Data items
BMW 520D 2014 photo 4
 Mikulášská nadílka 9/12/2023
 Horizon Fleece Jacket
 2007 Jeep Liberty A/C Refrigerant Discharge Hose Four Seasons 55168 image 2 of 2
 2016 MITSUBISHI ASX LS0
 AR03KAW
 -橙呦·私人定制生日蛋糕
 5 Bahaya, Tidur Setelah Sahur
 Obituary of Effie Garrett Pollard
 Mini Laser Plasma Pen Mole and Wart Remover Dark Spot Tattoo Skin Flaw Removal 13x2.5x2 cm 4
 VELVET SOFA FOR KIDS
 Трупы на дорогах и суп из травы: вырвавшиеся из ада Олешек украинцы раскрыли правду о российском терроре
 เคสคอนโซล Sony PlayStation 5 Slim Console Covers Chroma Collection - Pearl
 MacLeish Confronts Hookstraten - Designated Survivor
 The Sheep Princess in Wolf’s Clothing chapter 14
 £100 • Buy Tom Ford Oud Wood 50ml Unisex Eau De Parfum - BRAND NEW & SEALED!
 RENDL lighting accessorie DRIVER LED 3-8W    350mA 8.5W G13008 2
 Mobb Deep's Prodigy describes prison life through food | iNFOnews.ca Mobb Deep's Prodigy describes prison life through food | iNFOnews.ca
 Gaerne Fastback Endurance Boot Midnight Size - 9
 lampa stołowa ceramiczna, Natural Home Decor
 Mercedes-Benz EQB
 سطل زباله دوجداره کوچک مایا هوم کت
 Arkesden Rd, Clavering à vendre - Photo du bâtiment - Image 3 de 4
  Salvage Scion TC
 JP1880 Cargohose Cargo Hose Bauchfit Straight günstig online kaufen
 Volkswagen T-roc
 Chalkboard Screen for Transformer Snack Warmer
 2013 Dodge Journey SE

TASK PROMPT: From the entries above, write out only the lines starting at the line that holds "Mercedes-Benz EQB" and ending at the line that holds "Volkswagen T-roc", keeping both and matching them exactly.

ANSWER FOR THIS EXERCISE:
 Mercedes-Benz EQB
 سطل زباله دوجداره کوچک مایا هوم کت
 Arkesden Rd, Clavering à vendre - Photo du bâtiment - Image 3 de 4
  Salvage Scion TC
 JP1880 Cargohose Cargo Hose Bauchfit Straight günstig online kaufen
 Volkswagen T-roc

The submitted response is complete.